HOW TO: Build a flood-resilient city
Less than a year after Bangkok was chosen as a "role model city" by the UN International Strategy for Disaster Reduction (UNISDR) as part of the UN's 2010-2015 "Making Cities Resilient" campaign, the worst floods in half a century put that distinction to the test.
One of the few remaining refuges to keep cars dry at the height of 2011 flooding in Bangkok: elevated parkways
IRIN asked experts what the 3,000 low-lying cities such as Bangkok - which includes its delta neighbours - can do to improve their flood resilience.
Prioritize
A master plan capturing the city's development visions, priorities and vulnerability is the first step, said Adri Verwey, an urban flood expert at Deltares a Netherlands-based water management think-tank.
"Cities need to decide the levels of security that they want and which areas need more protection," he said.
In the Netherlands, where 26 percent of land is below sea level, cities with a high density of human and economic capital are designed to withstand a one-in-10,000-years flood, while inland, rural and sparsely populated areas are designed to withstand a-one-in-1,250 years flood.
Find higher ground
Unbalanced development is the weakest point of urban planning in many Asian countries, but Thailand's case is more extreme in that it has focused all its energy on the country's business and political capital, said Anisur Rahman, land use planning specialist at the Bangkok-based Asian Disaster Prevention Center (ADPC).
"Better planning would be developing the country with more attention given to other [surrounding] cities, so they can help share the pressure, especially in a catastrophic situation like this."
Instead of allowing new businesses to set up in and around Bangkok, future investments should be diverted to less-developed areas on higher land, said Rahman.
Lawmakers from Thailand's ruling party have submitted a parliamentary motion to move the capital to Nakhon Nayok Province - a sloping terrain with higher elevation.
Water resources management
"Store and divert" sums up all flood control strategies, said Takeya Kimio, a visiting senior adviser at the Bangkok office of Japanese International Cooperation Agency (JICA).
"Store" means building more reservoirs and retention ponds to retain water upstream and "divert" means develop sufficient canals and channels mid- and downstream to carry the overflow to sea.
For cities that are slowly sinking and have rising sea levels, governments need to regulate water resources, said Nat Marjang, a lecturer on water resources engineering at the Bangkok-based Kasetsart University.

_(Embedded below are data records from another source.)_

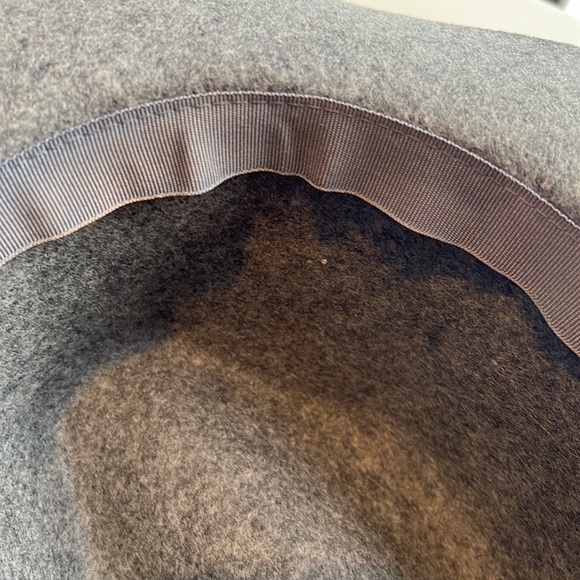H&M Heather Gray Fedora Hat 100% Felted Wool with Vegan Leather Black Belt EUC‎ - Picture 16 of 16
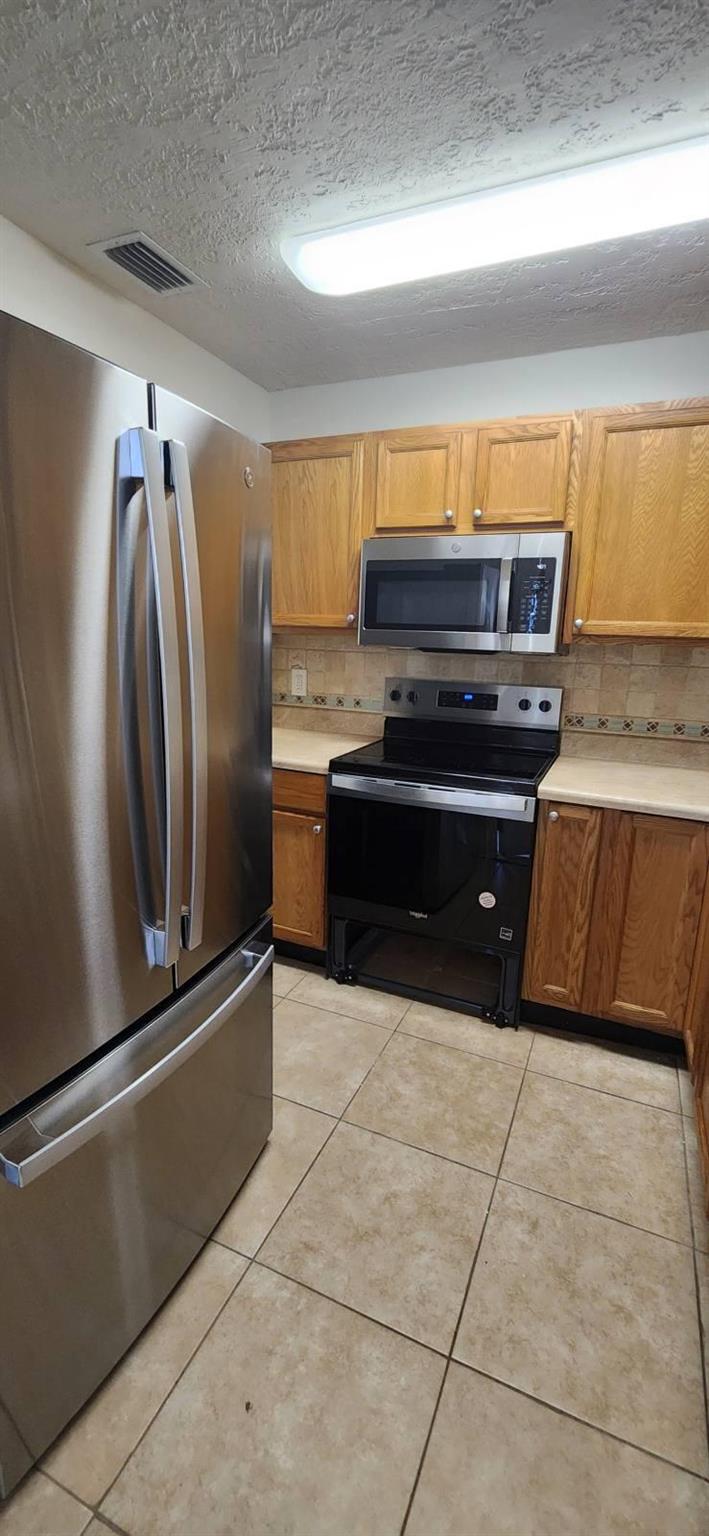 788 SW 36th Terrace SW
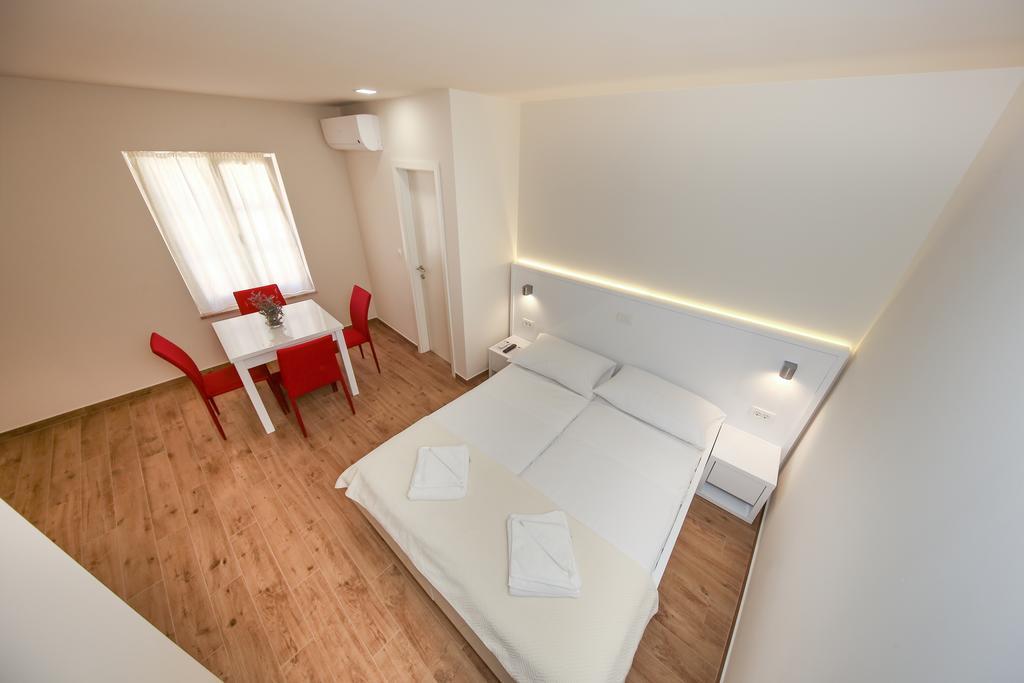 Idassa Atrium Rooms Zadar Exterior photo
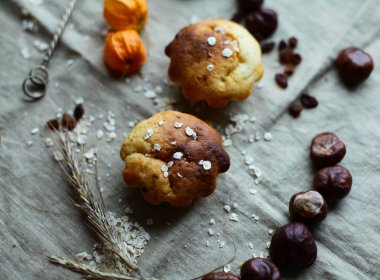 Ev pasta keten bir arka plan üzerinde süzme peynir ile yapılan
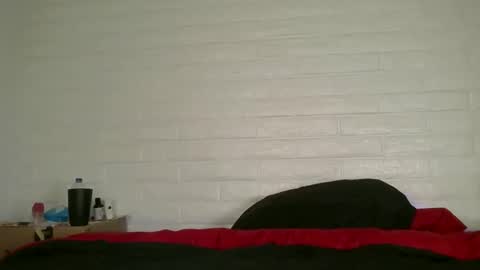 Snapshot of queenofmen33 chatting on March 15, 9:54 pm queenofmen33 online show from March 15, 9:54 pm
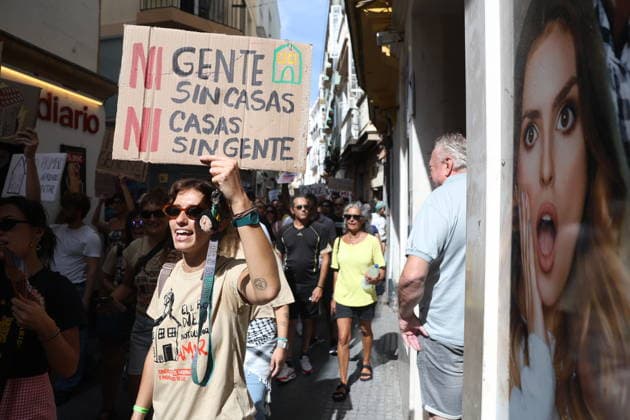 Cádiz Takes to the Streets for Decent Housing Photo of the protest in Cádiz for decent housing, organized by the Tenants Union October 3, 2026, in Cádiz, Andalusia, Spain October 3, 2026 Cádiz Cádiz Spain Copyright: xNachoxFradex 7817656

"Before the law, which regulates groundwater extraction [in Thailand], was enforced, many factories built their own wells to extract water for industrial use. This is an important factor contributing to land subsidence."
Going, going...
Bangkok is sinking by 30mm annually, according to the Bangkok Metropolitan Administration.
Combined with a rising sea level of 25mm every year, the city could be under 50-100cm of water by 2025.
Private sector role
The private sector should be directly involved in flood management, said Jerry Velasquez, senior regional coordinator for UNISDR Asia Pacific.
"What we need from them is not only corporate social responsibility and money, but their active involvement. It can be as simple as building a dyke around their factories, choosing the right locations to build factories and coming up with disaster contingency plans."
The Federation of Thai Industries estimated losses from the seven hardest-hit industrial estates could reach US$13 billion, covering 891 factories and 460,000 workers, according to local media.
Re-evaluate flood control system
Despite the extensive network of flood-control infrastructure already in place in Bangkok, experts said it largely failed to keep pace with the city's dramatic urbanization and development.
From 1985 to 2010, the percentage of the total population living in urban areas in Thailand increased from 26.8 to 34 percent, adding 10.5 million people to cities, according to the most recent UN world urbanization prospects.
While many officials believe the barrier known as His Majesty King's dyke, which runs north to south in eastern Bangkok, can save the city from flooding, Vewey said it was designed to handle lower-frequency floods and not a one-in-50-years flood like this year's.
Verwey said flood-prone countries needed to be more prepared.
"I'm impressed by the speed of sandbagging and the distribution of food and water [in Thailand], but you can't always solve problems with sandbags... It's shocking how people are unprepared for the flood. It's as if the phenomenon of flooding has been completely forgotten in Thailand," Verwey said.
Flooding in 1995 killed more than 400 people and affected close to four million, according to the government.
Investing in flood prevention is a "calculated choice", said Kimio at JICA. "There are only two options, either reduce the speed of development or invest more in flood control," he said.
Since the 1980s, the risk of economic loss due to floods in Organisation for Economic Cooperation and Development countries has increased by more than 160 percent, outstripping the growth of GDP per capita, according to UNISDR.
Nine of the top 10 coastal flood-prone cities by 2070, including Bangkok, are in Asia, according to a recent World Bank report.
Asia accounts for more than half of the developing world's cities most vulnerable to flooding, according to UN-HABITAT.